+++ Available data

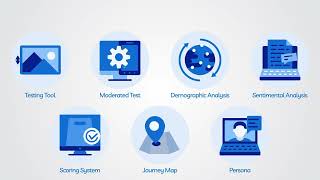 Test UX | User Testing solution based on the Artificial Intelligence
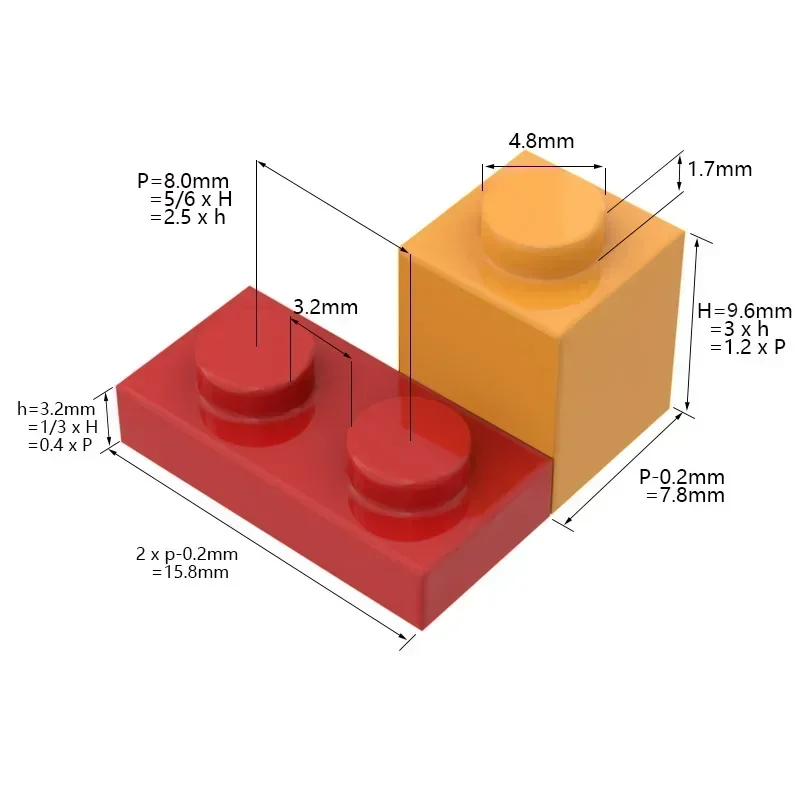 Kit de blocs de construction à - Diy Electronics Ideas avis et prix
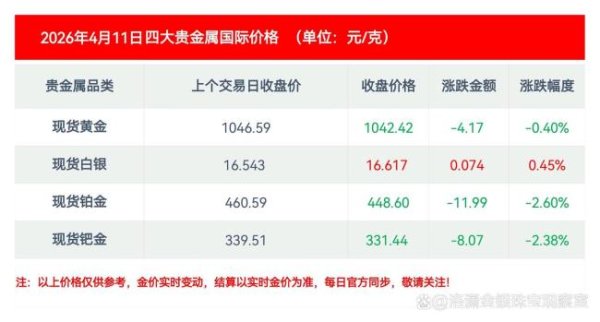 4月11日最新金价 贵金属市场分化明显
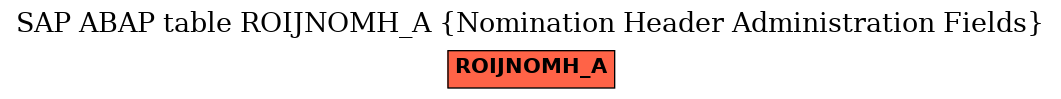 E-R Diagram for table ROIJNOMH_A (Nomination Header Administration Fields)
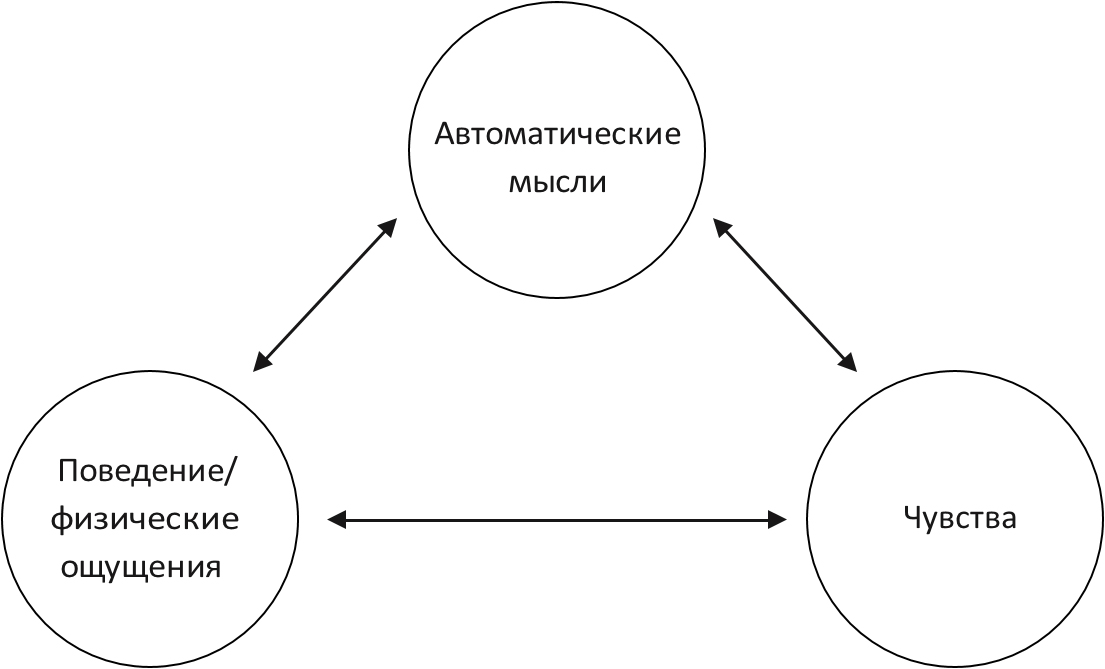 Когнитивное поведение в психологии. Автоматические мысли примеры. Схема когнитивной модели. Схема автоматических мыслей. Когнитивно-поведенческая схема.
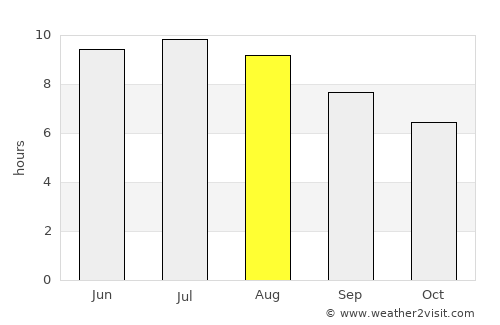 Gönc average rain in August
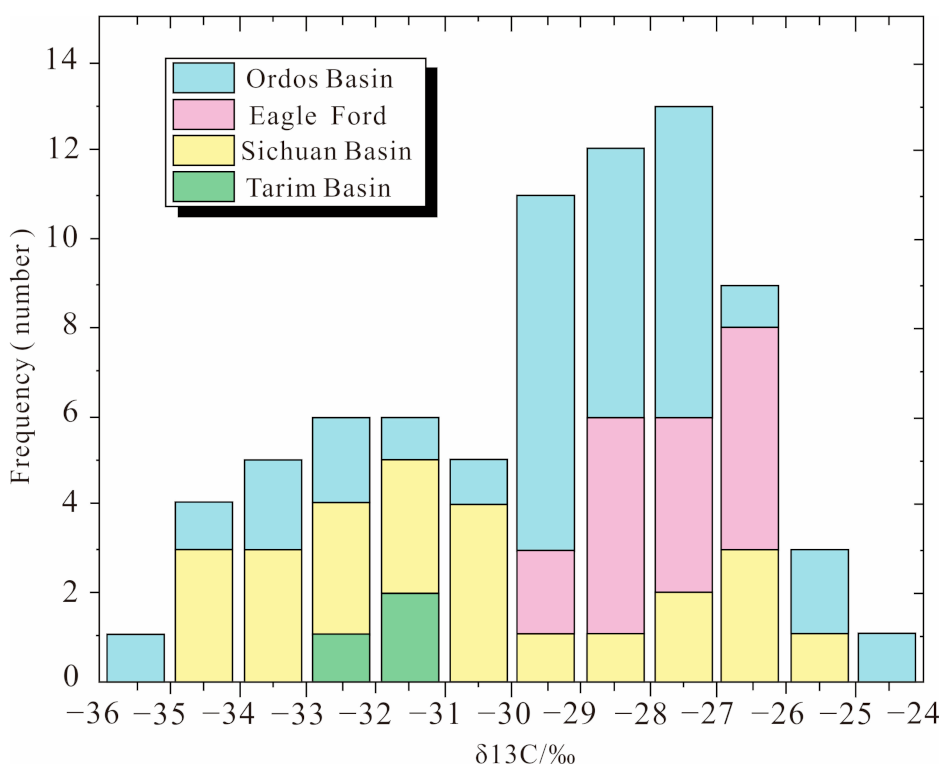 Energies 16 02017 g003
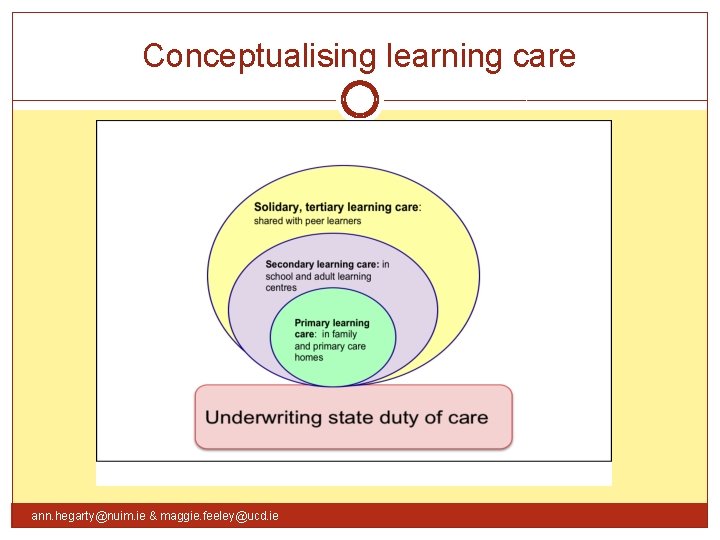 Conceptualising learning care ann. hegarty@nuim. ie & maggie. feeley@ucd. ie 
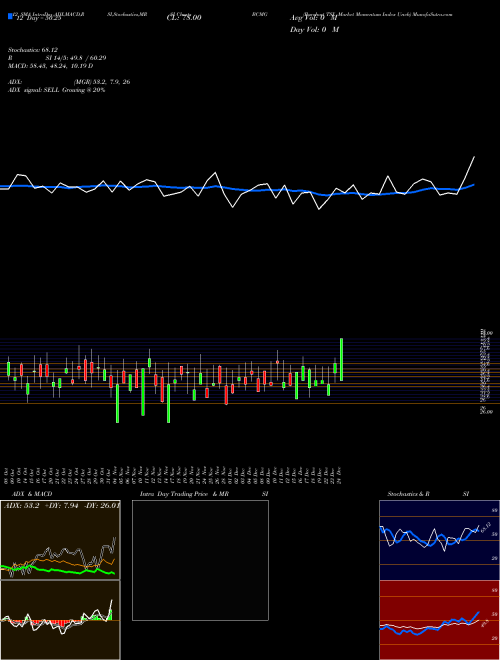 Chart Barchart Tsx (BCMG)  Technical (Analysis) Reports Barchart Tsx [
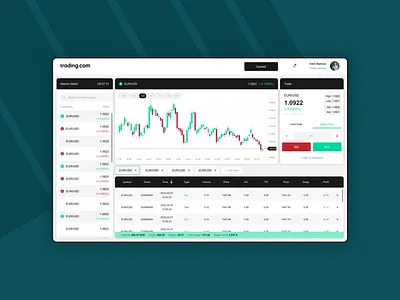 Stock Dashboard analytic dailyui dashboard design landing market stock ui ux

++++++

Retype only the lines above from the one with "E-R Diagram for" through the last, both ends included, keeping every picture out of the copy.

 E-R Diagram for table ROIJNOMH_A (Nomination Header Administration Fields)
 Когнитивное поведение в психологии. Автоматические мысли примеры. Схема когнитивной модели. Схема автоматических мыслей. Когнитивно-поведенческая схема.
 Gönc average rain in August
 Energies 16 02017 g003
 Conceptualising learning care ann. hegarty@nuim. ie & maggie. feeley@ucd. ie 
 Chart Barchart Tsx (BCMG)  Technical (Analysis) Reports Barchart Tsx [
 Stock Dashboard analytic dailyui dashboard design landing market stock ui ux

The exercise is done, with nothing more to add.